That’s when it struck me: Until we make our electricity networks more resilient, and start to bury our networks out of reach of tree branches, we are in for more power outages—a lot more.

Our energy security is under threat

Here at the Canadian Climate Institute, we have been thinking a lot about the costs of climate change, including the impact of more frequent and intense storms on the resilience of electricity networks. Let’s explore why our energy security will only decline unless we change course and invest in hardening our electricity infrastructure:

  1. Weather-related disasters are becoming more frequent, intense, and costly. In our Tip of the Iceberg report, we looked at two long-term data sets of weather-related disaster in Canada. What we found is troubling. In the 26 years before 2009, there were 128 weather-related disasters, or about 5 per year, with an average cost per storm of $1.2 million. In the 11 years since 2010, there have been 118 storms, or 10 per year, averaging $5 million per storm. This represents a more than doubling in the annual number of storm events and a fourfold increase in their cost. For large storms like the recent British Columbia floods in November 2021, the frequency of storms has increased 2.6 times and the average cost of each storm has more than doubled. So, we’re getting more frequent and intense storms, and the most destructive ones are getting increasingly destructive.
  2. Electricity transmission and distribution networks are highly climate sensitive. In our report Under Water: The costs of climate change for Canada’s infrastructure, we conducted spatially explicit analysis of the risks of higher temperature and more precipitation to Canada’s electricity transmission and distribution network. We concluded that climate change will damage both the quantity and reliability of electricity distributed to households and businesses across the country. Today, we estimate that Canada’s electricity system is paying $1.5 billion more each year due to climate change, with annual costs expected to rise by billions to mid-century and beyond. And this is without factoring in storm damage, which means the total costs and damages will be much higher.
  3. Greater resilience pays for itself. In our paper Enhancing the resilience of Canadian electricity systems for a net zero future, we noted that the failure to build resilient electricity transmission and distribution networks could expand the stock of vulnerable electricity infrastructure, increase overall system costs, lead to greater disruptions to households and businesses, and ultimately jeopardize Canada’s net zero transition.

Split incentives make building resilience a challenge

So what is the challenge to hardening electricity sector networks? To put it simply, there is a wedge between the benefits to the utility responsible for hardening electricity networks and the broader societal benefits of more resilient utility infrastructure. This split incentive, where one party is responsible for the cost but does not see the full range of societal benefits, results in electricity infrastructure that is dangerously unprepared for a warming climate.

Let’s unpack this a bit.

Utilities responsible for hardening electricity networks work on a cost-of-service basis, and for an alternative delivery model to be selected, it must be cost-effective. This is to say that the option that is cheapest to build, operate, maintain, and repair becomes the preferred choice. From a utility perspective, the costs of burying power lines, for example, likely exceed the costs of the current practice of overhead power lines even when storm damages are included. There is little economic incentive to change practices.
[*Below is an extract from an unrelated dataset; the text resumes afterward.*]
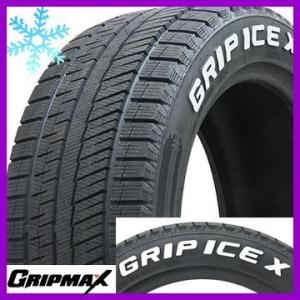 GRIPMAX グリップマックス アイスX RWL ホワイトレター(限定2022年製) 165/65R15 81Q スタッドレスタイヤ単品1本価格｜fuji-tire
But from a societal perspective, it makes more sense when evaluating options for transmission and distribution infrastructure to compare all the benefits with all the incremental costs. When a broader societal perspective is considered, storm costs to businesses and households factors into the investment choice. Costs that can be avoided with hardened infrastructure include tangible costs such as business disruption, lost wages, and food loss due to spoilage, as well as less tangible costs such anxiety over service disruption or increased property values due to less unsightly wire spaghetti. In the Institute’s recent report on electrification, The Big Switch: Powering Canada’s Net Zero Future, we argued that this split incentive means there is a case for society subsidizing the build-out of a net zero electricity sector. These latest storms, and the prospect of even worse to come, only add to the urgency of that case.

Absent a change in current practice, and the myopia of cost-effectiveness, we can expect paying more for storm damages and living in a much less secure and reliable energy future. We can see the next storm bearing down—are we going to do something about it?